ALL RECIPES
Fluffy Marshmallow Frosting


History
Marshmallow frosting, also called 7-minute frosting, dates back to early 20th-century American baking. It was created as a lighter alternative to buttercream — made from whipped egg whites and sugar syrup, similar to Italian meringue. This frosting became famous for its cloud-like texture and subtle sweetness, often topping old-fashioned cakes like angel food or coconut cake.
Ingredients
- 1 ½ cups granulated sugar
- ⅓ cup water
- 2 large egg whites (room temperature)
- ¼ teaspoon cream of tartar (or 1 teaspoon lemon juice)

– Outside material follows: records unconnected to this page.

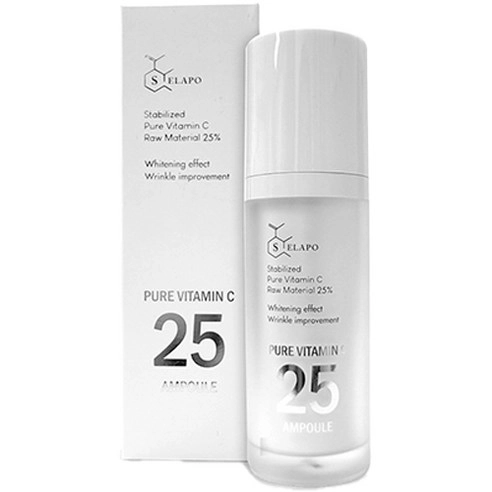Pure Vitamin C 25 Ampoule, 30ml, 1pack - Image 2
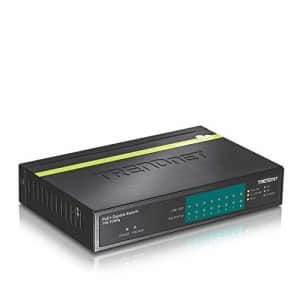 TRENDnet 8-Port Gigabit PoE+ Switch, TPE-TG80G, 8 x Gigabit PoE+ Ports, 123 W PoE Power Budget, 16 for $115 TRENDnet 8-Port Gigabit PoE+ Switch, TPE-TG80G, 8 x Gigabit PoE+ Ports, 123 W PoE Power Budget, 16 for $115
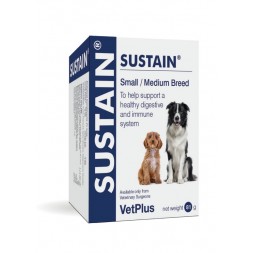 VetPlus Sustain Small-Medium Breed 30 Bustine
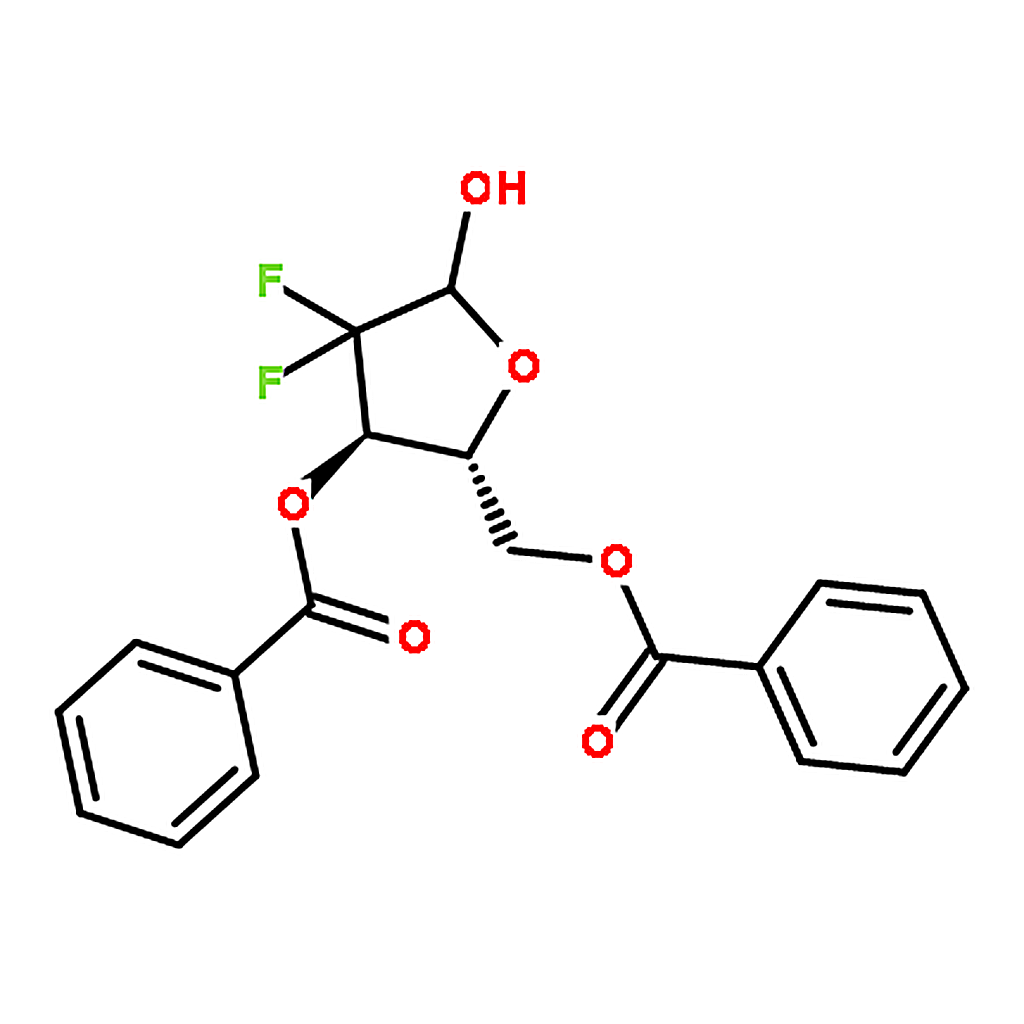RHAWN 2-Deoxy-2，2-difluoro-D-erythro-ribofuranose-3，5-dibenzoate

- 1 teaspoon pure vanilla extract
- Pinch of salt
Instructions
- Prepare Your Tools
Make sure your mixing bowl and beaters are completely clean and dry. Any grease or moisture can prevent your egg whites from whipping properly. - Heat the Sugar Syrup
In a medium saucepan, combine sugar, water, and cream of tartar. Stir gently just to moisten the sugar.
Heat over medium-high heat until the mixture reaches a rolling boil (about 240°F or 115°C on a candy thermometer).

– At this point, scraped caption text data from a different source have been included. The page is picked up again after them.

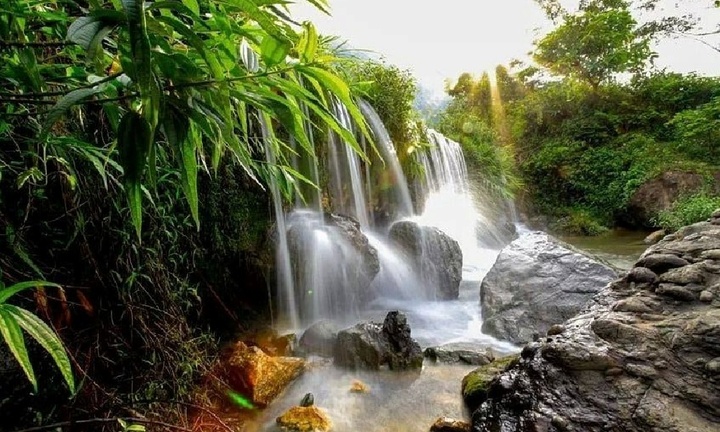 Vi vu Suối Cái Ba Vì Hà Nội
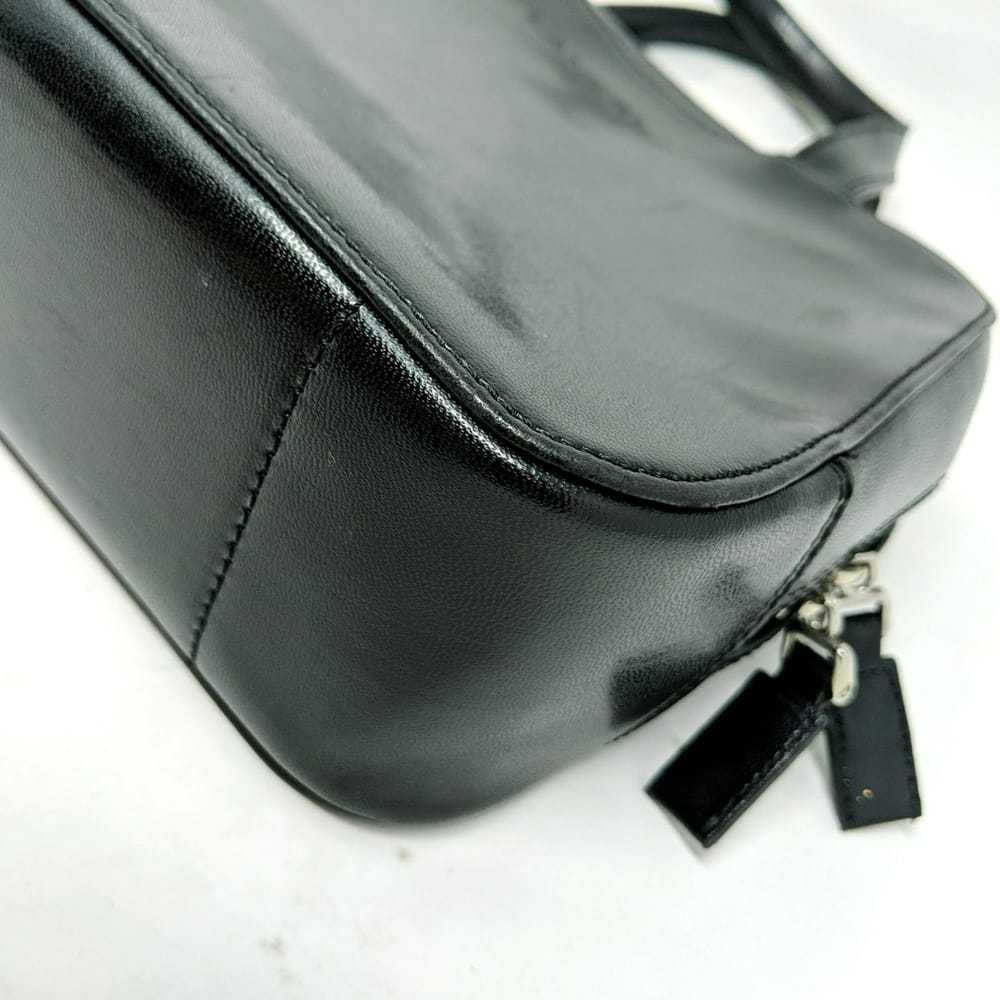 Lancel Leather satchel - image 3
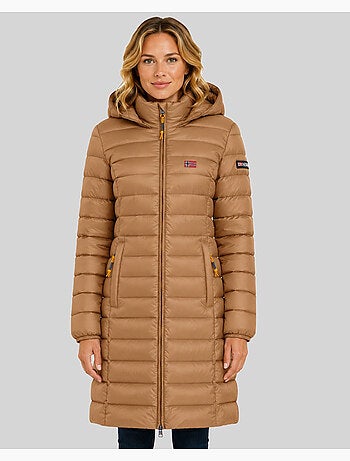 Cazadora con capucha atikolor long hood – geographical norway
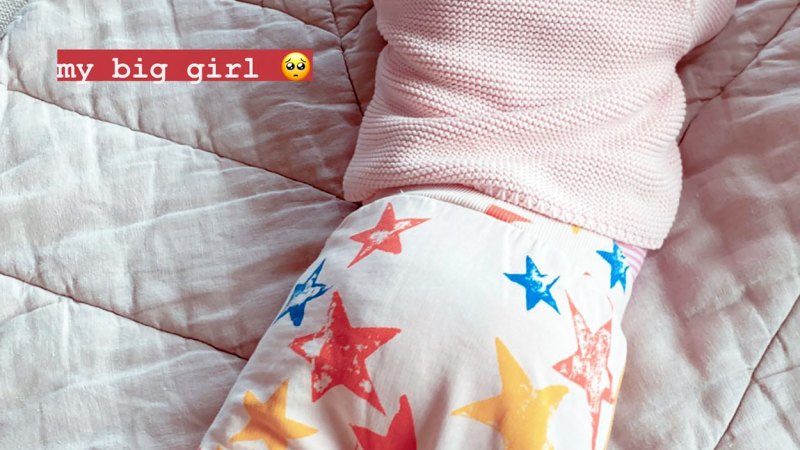 Gigi Hadid Zayn Malik Daughter Khai Baby Pics Album Big Girl Slide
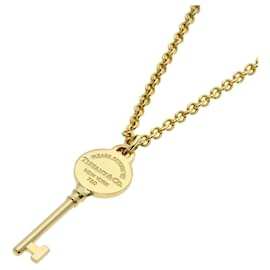 Collana Ritorno alla Chiave Tiffany & Co. in Oro Giallo 18K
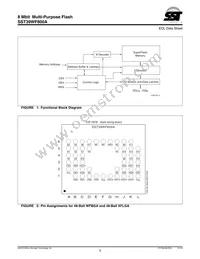 SST39WF800A-90-4C-B3KE-T Datasheet Page 5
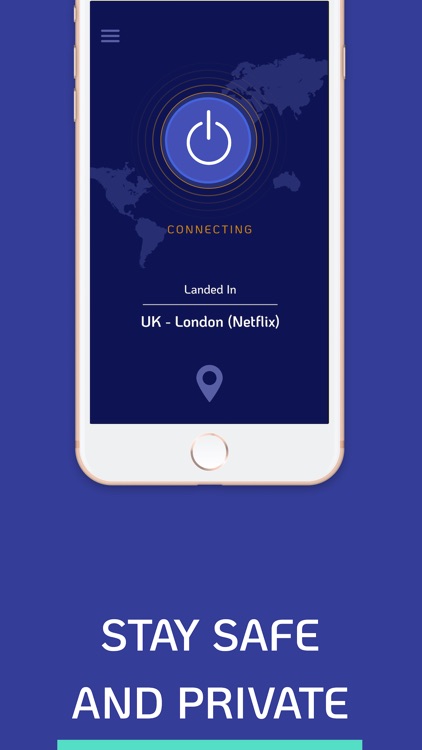 FlyUnderVPN: Fast & Secure VPN screenshot-3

Don’t stir while boiling — it can crystallize the sugar. - Whip the Egg Whites
While the syrup boils, begin whipping your egg whites and salt in a stand mixer or with a hand mixer on high speed until soft peaks form. - Pour the Hot Syrup
Slowly pour the hot syrup into the whipped egg whites while the mixer is running at medium speed. Be careful not to pour directly onto the beaters — pour down the side of the bowl. - Beat Until Glossy and Stiff
Increase to high speed and continue beating for about 7 minutes or until stiff peaks form and the frosting is thick, glossy, and cool to the touch. - Add Vanilla
Add vanilla extract and beat for another 30 seconds to blend.
Uses
- Frosting for cakes, cupcakes, and pies
- As filling for sandwich cookies or s’mores desserts
- Toast lightly with a kitchen torch for a marshmallow effect
Benefits
- Light & Airy: Unlike buttercream, it’s fat-free yet rich in texture.
- Naturally Sweet: No heavy butter taste — just pure marshmallow flavor.
- Stable & Shiny: Holds its shape beautifully for piping and decorating.
- Quick to Make: Only takes 10 minutes once you get used to it.
Tips
- If you want a stronger marshmallow flavor, add 1 tablespoon of marshmallow fluff at the end of whipping.
- Store unused frosting in an airtight container at room temperature for up to 24 hours — best used the same day.
- Avoid humidity; it can make the frosting sticky.